Information shown
● ● ●

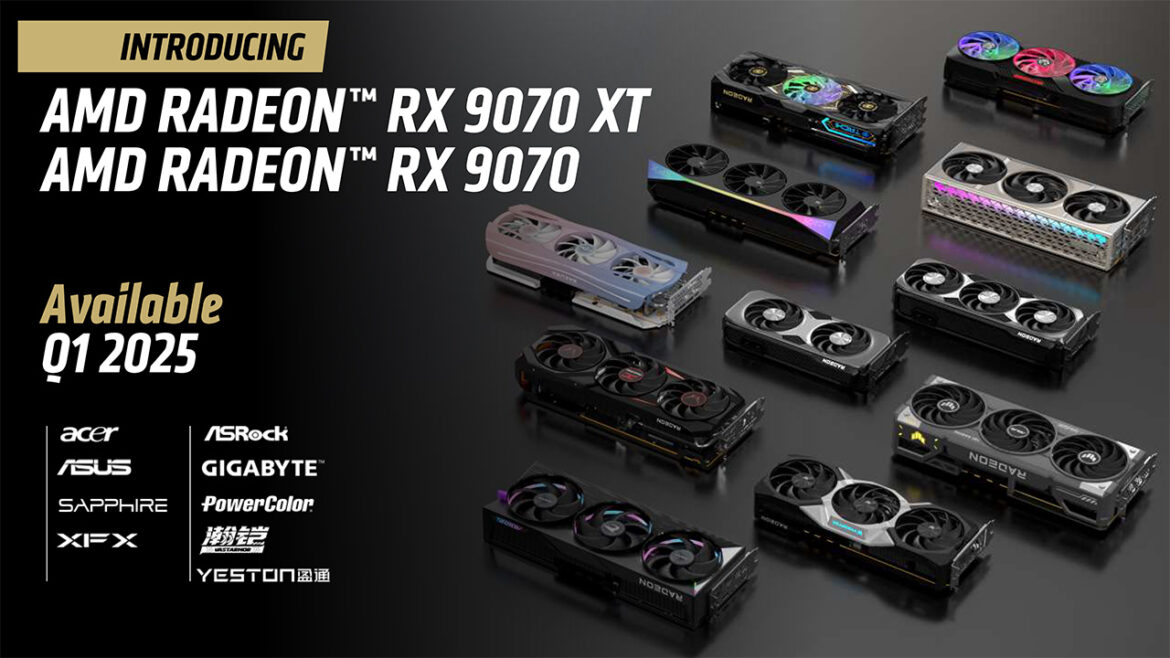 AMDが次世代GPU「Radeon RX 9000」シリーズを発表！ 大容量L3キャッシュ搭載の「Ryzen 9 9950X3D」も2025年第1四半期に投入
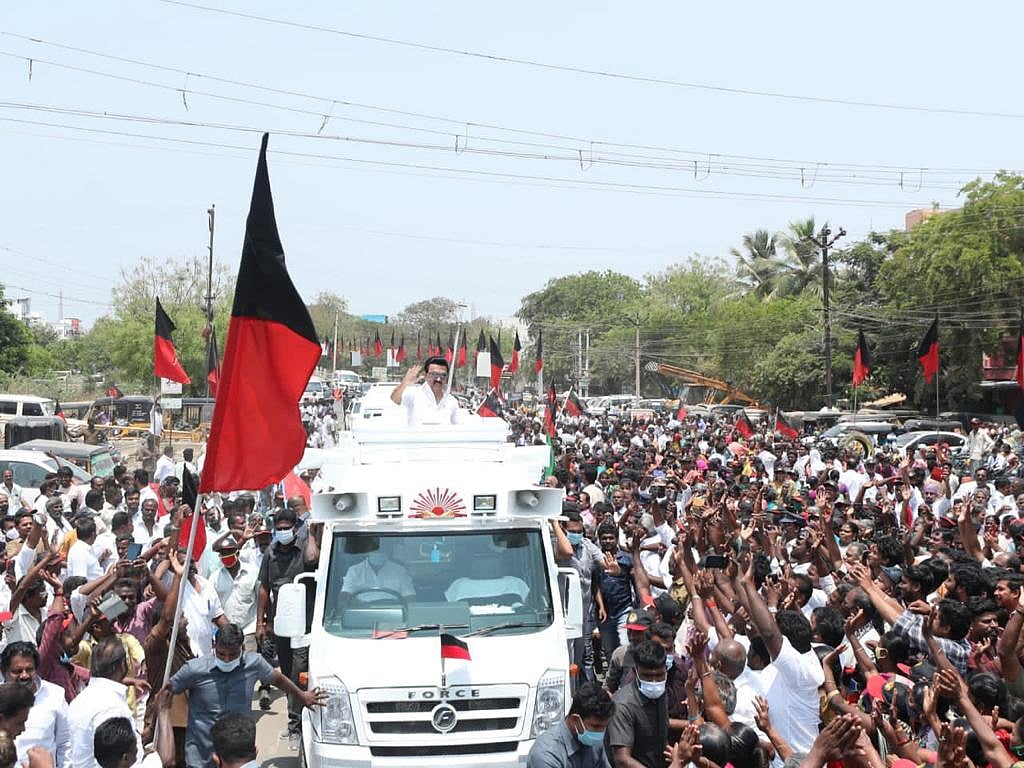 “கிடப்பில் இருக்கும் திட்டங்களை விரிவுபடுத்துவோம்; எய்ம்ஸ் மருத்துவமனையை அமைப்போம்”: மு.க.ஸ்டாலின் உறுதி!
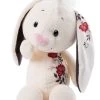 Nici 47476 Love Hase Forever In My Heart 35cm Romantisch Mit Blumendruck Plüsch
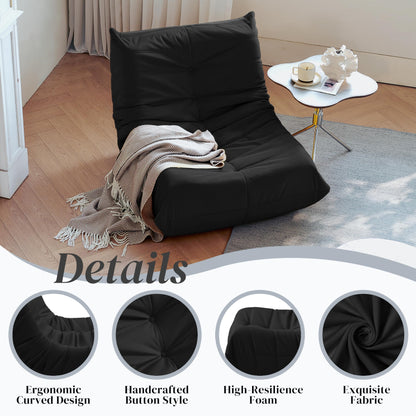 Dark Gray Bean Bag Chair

● ● ●

Problem requirements
The pictures are not wanted, but every line of the listing should be duplicated exactly.

Answer to the problem
 AMDが次世代GPU「Radeon RX 9000」シリーズを発表！ 大容量L3キャッシュ搭載の「Ryzen 9 9950X3D」も2025年第1四半期に投入
 “கிடப்பில் இருக்கும் திட்டங்களை விரிவுபடுத்துவோம்; எய்ம்ஸ் மருத்துவமனையை அமைப்போம்”: மு.க.ஸ்டாலின் உறுதி!
 Nici 47476 Love Hase Forever In My Heart 35cm Romantisch Mit Blumendruck Plüsch
 Dark Gray Bean Bag Chair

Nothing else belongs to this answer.